Selen/Colecalciferol: Arzneimittel im Abseits Nadine Tröbitscher, 08.12.2016 12:09 Uhr
Arznei- oder Nahrungsergänzungsmittel? Vitamine und Spurenelemente können zu beiden Gruppen zählen. Die Folge sind mitunter unterschiedliche Höchstmengen in der Abgabe. Betroffen sind unter anderem Präparate mit Selen und Vitamin D (Colecalciferol). Hier ist in Nahrungsergänzungsmitteln teilweise mehr Wirkstoff erlaubt als in den apothekenpflichtigen Produkten. Der Sachverständigenausschuss für Verschreibungspflicht stellt im Januar die Grenzen auf den Prüfstand.
Colecalciferol ist als Arzneimittel auf 1000 I.E. pro abgeteilter Form gedeckelt; alle höherdosierten Produkte sind verschreibungspflichtig. Als Nahrungsergänzungsmittel sind jedoch Präparate mit bis zu 4000 I.E. erhältlich, dies entspricht der von der Europäischen Behörde für Lebensmittelsicherheit (EFSA) pro Tag für zulässig erklärten Menge. Eine Indikation darf dabei nicht angegeben werden.
Das Problem: Vitamin D wird von immer mehr Verbrauchern bei Müdigkeit, Infektanfälligkeit und Antriebslosigkeit als ersten Anzeichen einer Unterversorgung eingesetzt. Die Arzneimittel sind jedoch dafür nicht zugelassen, sondern nur zur Vorbeugung von Rachitis und Osteomalazie bei Kindern und Erwachsenen, zur Prävention von Rachitis bei Frühgeborenen sowie zur „Vorbeugung bei erkennbarem Risiko einer Vitamin-D-Mangelerkrankung bei ansonsten Gesunden ohne Resorptionsstörung bei Kindern und Erwachsenen“. Außerdem können die Tabletten eingesetzt werden zur unterstützenden Behandlung der Osteoporose bei Erwachsenen.
Das sind keine Indikationen, die Verbraucher im Beipackzettel lesen wollen, die sich eigentlich nur etwas Gutes tun wollen. Für Hersteller wie Merck ist die Situation – medizinische Indikation und gleichzeitig geringere Dosierung – daher doppelt unbefriedigend.

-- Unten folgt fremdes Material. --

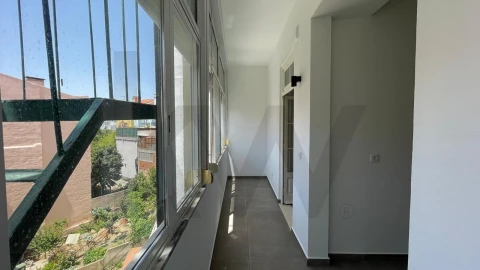 Apartamento T3 para Arrendamento em Penha de França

Vor einem Jahr war der Marktführer wegen seiner Werbeaussagen sogar schon in eine juristische Auseinandersetzung geraten. Der Darmstädter Konzern hat daher neben der Rx-Variante für Säuglinge (Vigantol) und den klassischen Vigantoletten neuere Produkte wie die Sticks oder aktuelle Vigantolvit als Nahrungsergänzungsmittel auf den Markt gebracht.
Ähnlich sieht die Situation bei Selen aus. Das apothekenpflichtige Cefasel mit 50 µg etwa ist zugelassen bei „nachgewiesenem Selenmangel, der ernährungsmäßig nicht behoben werden kann“. Das Nahrungsergänzungsmittel Cefasel Nutri in den Stärken 50, 100 und 200 µg unterstützt dagegen nach Herstellerangaben allgemein „die normale Funktion des Immunsystems und der Schilddrüse“ und ist „wichtig zum Schutz der Zellen vor oxidativen Schäden, zur Erhaltung normaler Haare und Nägel und zur normalen Spermabildung“.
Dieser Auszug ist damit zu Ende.